The modified bacteriorhodopsin is far more efficient, orders of
magnitude more efficient, at capturing photons than are any thylakoids
found in nature.

Additional tubules, with active transport capacity, also end in a
permeable membrane at the surface of your skin. These can selectively
absorb molecules of carbon, plus additional necessary elements,
directly from the soil or other organic material. The absorbed
molecules are acted upon by genemod enzymes, working in conjunction
with your human thylakoids, and with nanomachinery replicating in your
cells.

This is not as foreign to you as it may sound. The human embryo,
when only a few cells old, develops an outer layer of cells called the
trophoblast. The trophoblast possesses the unusual property of being
able to digest or liquefy the tissues it comes in contact with. This is
how the embryo implants itself in the uterus wall. Your reengineered
skin can now liquefy and absorb other kinds of matter.

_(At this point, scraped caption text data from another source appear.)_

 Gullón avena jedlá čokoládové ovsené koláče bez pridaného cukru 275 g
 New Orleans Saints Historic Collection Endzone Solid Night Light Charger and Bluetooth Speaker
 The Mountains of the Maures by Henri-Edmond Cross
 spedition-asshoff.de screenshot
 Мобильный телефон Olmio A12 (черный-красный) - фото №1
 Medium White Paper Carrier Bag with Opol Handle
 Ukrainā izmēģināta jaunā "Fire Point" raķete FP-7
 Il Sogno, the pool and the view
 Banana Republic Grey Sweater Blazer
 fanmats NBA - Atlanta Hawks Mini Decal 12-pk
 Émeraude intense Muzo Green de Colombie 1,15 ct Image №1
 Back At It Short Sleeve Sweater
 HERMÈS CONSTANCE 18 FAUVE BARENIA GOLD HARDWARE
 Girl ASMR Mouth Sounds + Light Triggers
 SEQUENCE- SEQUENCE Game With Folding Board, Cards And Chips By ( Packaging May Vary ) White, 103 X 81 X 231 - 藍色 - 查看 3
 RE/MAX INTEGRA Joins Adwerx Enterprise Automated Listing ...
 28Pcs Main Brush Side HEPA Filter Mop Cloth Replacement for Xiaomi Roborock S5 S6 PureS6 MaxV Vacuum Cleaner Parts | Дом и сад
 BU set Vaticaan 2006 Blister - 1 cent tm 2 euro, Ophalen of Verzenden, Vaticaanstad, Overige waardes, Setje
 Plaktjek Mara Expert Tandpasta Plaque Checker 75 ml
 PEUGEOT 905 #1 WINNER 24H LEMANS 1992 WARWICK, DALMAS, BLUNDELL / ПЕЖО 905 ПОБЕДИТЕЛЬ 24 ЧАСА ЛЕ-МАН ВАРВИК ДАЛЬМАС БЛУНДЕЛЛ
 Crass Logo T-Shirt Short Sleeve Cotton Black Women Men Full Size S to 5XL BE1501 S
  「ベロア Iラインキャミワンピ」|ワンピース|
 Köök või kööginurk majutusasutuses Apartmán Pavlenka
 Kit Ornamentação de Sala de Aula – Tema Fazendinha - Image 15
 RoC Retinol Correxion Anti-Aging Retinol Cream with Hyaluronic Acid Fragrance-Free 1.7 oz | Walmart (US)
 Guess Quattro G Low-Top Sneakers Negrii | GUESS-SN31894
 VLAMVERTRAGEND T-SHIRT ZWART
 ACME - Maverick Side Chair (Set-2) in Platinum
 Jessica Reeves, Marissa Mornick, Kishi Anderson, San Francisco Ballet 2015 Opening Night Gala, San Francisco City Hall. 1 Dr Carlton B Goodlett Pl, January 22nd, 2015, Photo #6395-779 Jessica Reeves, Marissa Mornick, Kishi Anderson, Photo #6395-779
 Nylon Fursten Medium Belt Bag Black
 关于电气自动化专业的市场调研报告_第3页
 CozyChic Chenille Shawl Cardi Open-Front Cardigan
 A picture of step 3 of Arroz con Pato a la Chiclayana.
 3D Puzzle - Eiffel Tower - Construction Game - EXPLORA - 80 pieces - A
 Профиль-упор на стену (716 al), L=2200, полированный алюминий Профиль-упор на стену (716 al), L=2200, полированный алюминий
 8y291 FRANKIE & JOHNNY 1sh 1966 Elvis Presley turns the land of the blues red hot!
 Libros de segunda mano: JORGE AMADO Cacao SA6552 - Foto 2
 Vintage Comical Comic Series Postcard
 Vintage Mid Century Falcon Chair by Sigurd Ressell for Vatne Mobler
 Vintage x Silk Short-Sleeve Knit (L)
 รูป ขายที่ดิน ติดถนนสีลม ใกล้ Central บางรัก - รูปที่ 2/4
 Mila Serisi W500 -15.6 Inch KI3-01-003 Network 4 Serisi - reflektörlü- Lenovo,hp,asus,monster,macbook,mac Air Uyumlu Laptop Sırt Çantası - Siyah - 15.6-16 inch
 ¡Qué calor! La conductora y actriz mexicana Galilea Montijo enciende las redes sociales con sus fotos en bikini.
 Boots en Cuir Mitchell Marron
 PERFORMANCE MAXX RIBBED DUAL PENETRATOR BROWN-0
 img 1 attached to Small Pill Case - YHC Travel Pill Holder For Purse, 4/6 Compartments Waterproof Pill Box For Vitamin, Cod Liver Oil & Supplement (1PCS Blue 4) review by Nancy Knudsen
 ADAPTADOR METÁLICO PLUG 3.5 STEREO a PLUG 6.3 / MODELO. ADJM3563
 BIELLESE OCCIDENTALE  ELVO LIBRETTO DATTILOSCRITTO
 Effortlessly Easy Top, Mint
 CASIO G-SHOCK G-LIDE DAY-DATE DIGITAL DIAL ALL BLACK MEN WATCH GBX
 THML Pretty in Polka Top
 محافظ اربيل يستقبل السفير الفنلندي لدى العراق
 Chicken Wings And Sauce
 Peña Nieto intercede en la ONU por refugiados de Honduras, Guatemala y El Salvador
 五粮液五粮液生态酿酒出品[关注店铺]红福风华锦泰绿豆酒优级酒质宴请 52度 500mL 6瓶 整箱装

You have also been injected with genetically engineered
nitrogen-fixing microorganisms.

Human tissue consists 96.6 percent of carbon, hydrogen, oxygen, and
nitrogen. The nanomachinery now in your cells has been programmed to
arrange these plus other less concentrated elements into whatever
molecules are needed. These processes are all powered by sunlight, used
far more efficiently than in nature. The energy from sunlight is stored
as ATP to be used when there is no sunlight. Less than thirty minutes’
naked exposure per twenty-four-hour period is sufficient. A surplus
can, as with food, be stored as glycogen or fat.

The Cell Cleaner will destroy any cancerous cells engendered as a
result of ultraviolet exposure. It will also, of course, destroy any
toxic molecules absorbed from the soil, by rearranging their atoms into
nontoxic forms.

Nanomachinery will keep your gastrointestinal system capable of
operation, even when it is unused for long periods of time. Genemod
enzymes are designed to eliminate, through allosteric interactions, any
subjective feelings of hunger.

When food is available, you can eat, and store energy from oxidative
phosphorylation. When food is not available, you can lie on the soil,
in the sunlight, and store energy through photo-phosphorylation.

Now you understand.

You are now autotrophic.

You are now free.

V

Summer 2115

Our defense is not in armaments, nor in science, nor in going
underground. Our defense is in law and order.
—Albert
Einstein, in a letter to Ralph E. Lapp

Twenty

BILLY WASHINGTON: EAST OLEANTA

Annie was out in the deep woods when I finally found her, me, after
looking for a couple hours. She didn’t even tell me that she was going.
More and more in the last year she’s independent like that, her. I was
mad.

“Annie Francy! I been looking, me, all over the woods for you!”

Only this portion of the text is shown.